In the Book Episode 11: "I am a Daughter of God: Amanda Barrios McPeek"
Title
In the Book Episode 11: "I am a Daughter of God: Amanda Barrios McPeek"
Publication Type
Audio
Year of Publication
2023
Authors
Devonas, Rebecca (Primary)
Publisher
Scripture Central
Place Published
Springville, UT
Citation Key
12221
Terms of use
Items in the BMC Archive are made publicly available for non-commercial, private use. Inclusion within the BMC Archive does not imply endorsement. Items do not represent the official views of The Church of Jesus Christ of Latter-day Saints or of Book of Mormon Central.
Bibliographic Citation
Abstract
Growing up in the heart of the Guatemalan Civil War of 1960-1996, Amanda Barrios McPeek wasn’t accepted by her own family or the people in her town of Parramos, because of the way she looked.
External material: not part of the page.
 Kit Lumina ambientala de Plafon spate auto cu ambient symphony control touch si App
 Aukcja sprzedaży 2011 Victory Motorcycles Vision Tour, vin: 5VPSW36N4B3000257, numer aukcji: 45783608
When she came across the missionaries in Antigua, and read the Book of Mormon for the first time, she not only learned that God accepted her and loved her, but that she was his daughter.
“I am a Daughter of God” with Amanda Barrios McPeek
[00:00:00] Rebecca: Guatemala is a third world country nestled in the heart of Central America. Parramos is a small, somewhat hidden country town, and it was in the middle of a civil war that lasted 36 years; from 1960 to 1996.
The conflict raged between guerilla groups and the state, and Parramos happened to be one of the towns where they chose to exchange battles.
[00:00:27] Amanda: We had curfews which meant that everybody had to be in their houses by 6:00 PM and if anybody was caught outside of that, either we didn't see them again, or we saw them shot in the town's football field. I grew up in the middle of that, which made me very scared, you know, as a little girl. I remember thinking, “How wonderful would it be if I [00:01:00] could just play ball outside, or if we heard fireworks without thinking they were gunshots?”
[00:01:06] Rebecca: Carmen Amanda Barrios McPeek was born and raised in Parramos, Guatemala. She received a degree in translation and interpretation from Brigham Young University and is a certified interpreter and program manager for the Office of Translation and Interpretation for Clinical Research at the University of Utah. She also does voiceover and language coaching productions in Spanish for the Church of Jesus Christ of Latter-day Saints.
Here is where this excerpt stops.